| INSTRUCTIONS TO FOLLOW |
Your task is to transcribe the lines from the start of the data below through the line containing "Glowify Sheer Silk", inclusive, exactly as they stand and without the pictures.

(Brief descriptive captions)
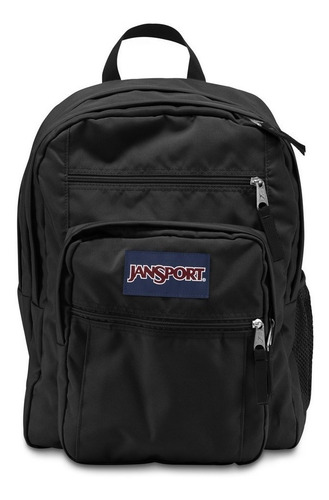 Mochila Jansport Big Student Negro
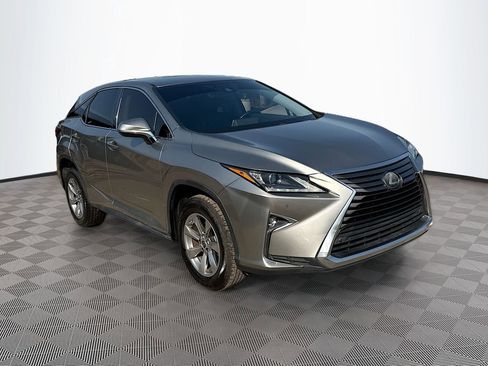 Used 2019 Lexus RX 350 FWD image 4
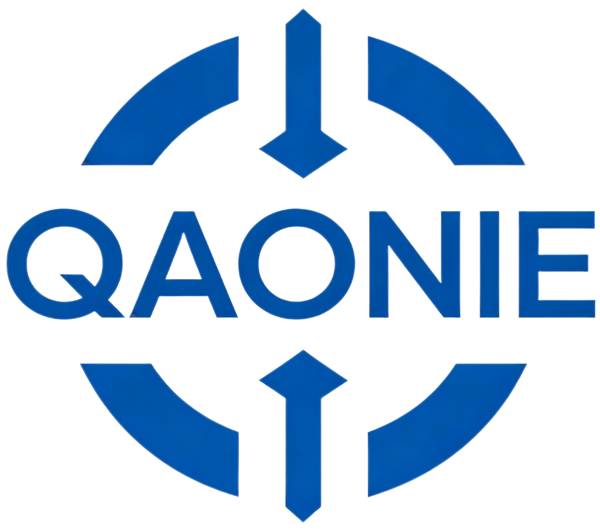 Qaoniedrone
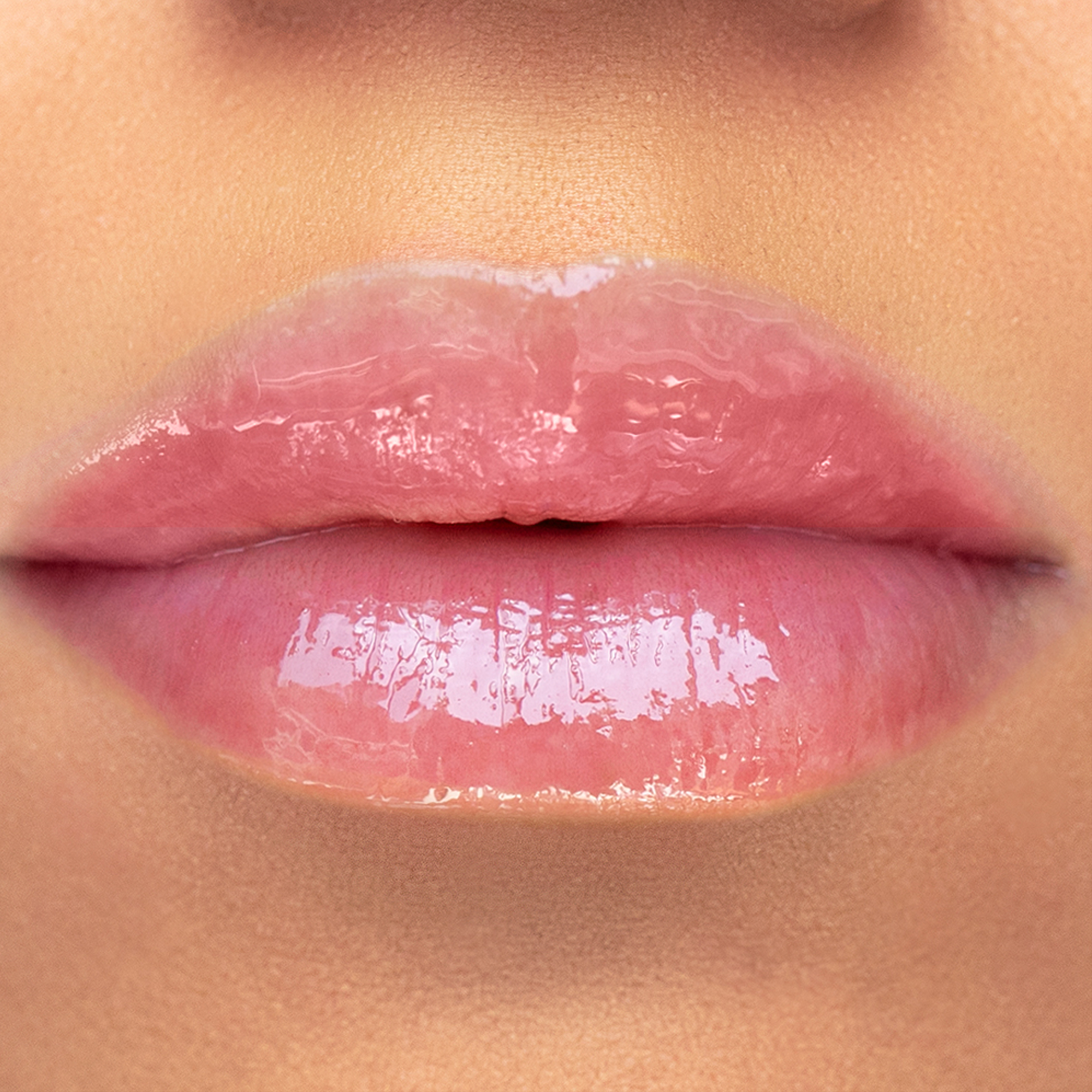 Glowify Sheer Silk Lip Oil NZL - Glazed Cherry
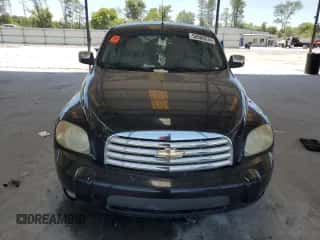 2006 Chevrolet HHR LT с VIN 3GNDA23P76S567107, выставлен на аукционе Copart как лот 72018124 с пробегом 165 687 миль миль и На запчасти • Non repairable. История ставок и продаж доступна на DreamBid. Изображение 5.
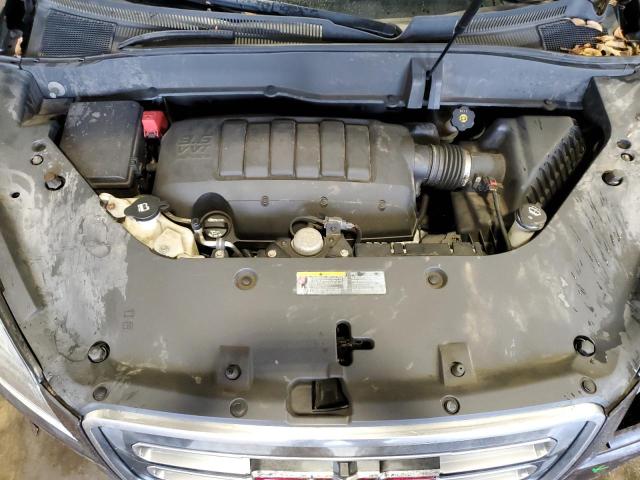 Photo 12 from auction – 2014 GMC ACADIA SLT with VIN 1GKKVRKD7EJ221826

| EXERCISE SOLUTION |
 Mochila Jansport Big Student Negro
 Used 2019 Lexus RX 350 FWD image 4
 Qaoniedrone
 Glowify Sheer Silk Lip Oil NZL - Glazed Cherry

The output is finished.